Nosotros, los hombres, podemos contar siempre con la misericordia de Dios, cuando nos convertimos, nos arrepentimos de nuestros pecados y cambiamos de vida. No cabe duda de que el amor divino es paciente; pero no podemos olvidar el precio que Él mismo pagó por nosotros. Todos los padecimientos de Jesús dan testimonio del amor de Dios y, al mismo tiempo, de la gravedad del pecado. El incomparable tormento de Jesús, sobre quien recaen todos los rechazos a Dios por parte del hombre, le habrá provocado un ardiente dolor. Por eso, al contemplar la Pasión de Nuestro Señor, conviene tener presente que no fueron solamente los hombres enceguecidos de aquel tiempo quienes lo crucificaron; sino que su sufrimiento es provocado por los pecados que día a día cometemos.

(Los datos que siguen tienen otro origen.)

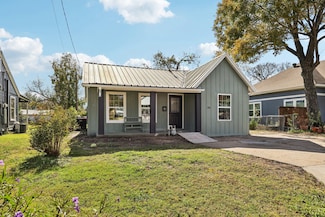 314 Greenwood St, Terrell, TX 75160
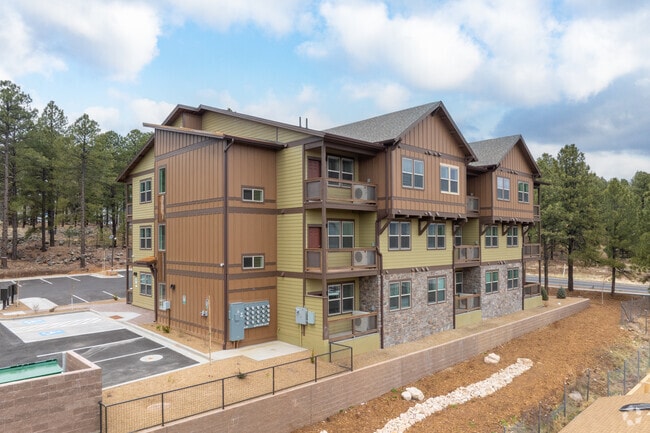 Building Photo - Plaza Way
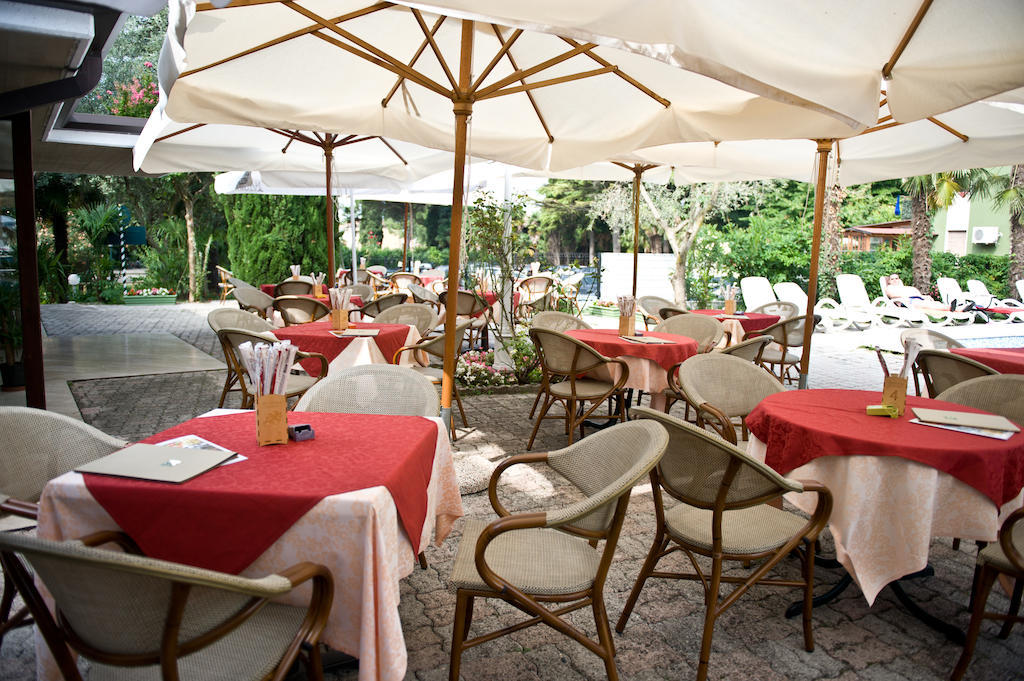 Hotel Palme&Suite Garda  Dış mekan fotoğraf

Para hacernos una idea sobre el interior de nuestro ángel de la guarda, recordemos la forma de actuar del Espíritu Santo en nosotros, a quien, con justa razón, podemos llamar también “Señor de los ángeles”. Él es, como sabemos, el amor entre el Padre y el Hijo, que ha sido derramado en nuestro corazón (cf. Rom 5,5). Puesto que el Espíritu Santo lleva a cabo nuestra santificación, Él quiere transformar todo en nuestro interior, de tal forma que nuestra alma sea purificada, iluminada y unificada con Dios. No en vano empleamos la imagen de la paloma y del fuego, para expresar la forma de actuar del Espíritu Santo. Mientras que la paloma representa la suavidad y mansedumbre del Espíritu Santo, que penetra delicadamente en nuestra alma; el fuego representa Su amor ardiente.
Ahora bien, el fuego del amor o la luz del Espíritu Santo no se lleva con la oscuridad del pecado, y quiere aniquilarlo en nuestra alma. Pensemos, por ejemplo, en lo que obra en nosotros el don de temor de Dios, que nos enseña a evitar todo cuanto pudiera ofender a Dios. El espíritu de temor es, por así decir, un “guardián del amor” en nosotros, que nos advierte constantemente a no descuidar nuestra relación con Dios y a no tolerar nada que pudiera oponerse a Él. Cuanto más obre en nosotros el Espíritu Santo, tanto más atentamente percibiremos los movimientos del pecado y sus efectos; así como también las mociones de la gracia.
Llegados a este punto, nos encontramos con nuestro ángel de la guarda. En él arde sin límites este fuego del amor. Mientras que nosotros, los hombres, hemos de recorrer el proceso de una profunda purificación, el ángel no tiene ya necesidad de ello. Tanto más profundamente le duele cuando nosotros nos rebelamos contra él y no escuchamos su voz. Puesto que él vive en perfecto amor a Dios y acompaña nuestro camino en este amor, tiene como gran deseo el que también nosotros, al igual que él, escuchemos en todo a Dios, para que Dios sea honrado y glorificado, y nosotros alcancemos nuestra meta.
Entonces, en nuestro ángel de la guarda Dios nos ha dado un amigo y un acompañante, que está inflamado de amor y se esfuerza por nuestra salvación personal. Si escuchamos su voz, él nos guiará a través de este mundo, que tantas veces se opone a Dios. Él sabrá conducirnos a la tierra prometida, y Dios se encargará de hacer a un lado todos los obstáculos, para que, en comunión con nuestro ángel custodio, lo alabemos por toda la eternidad.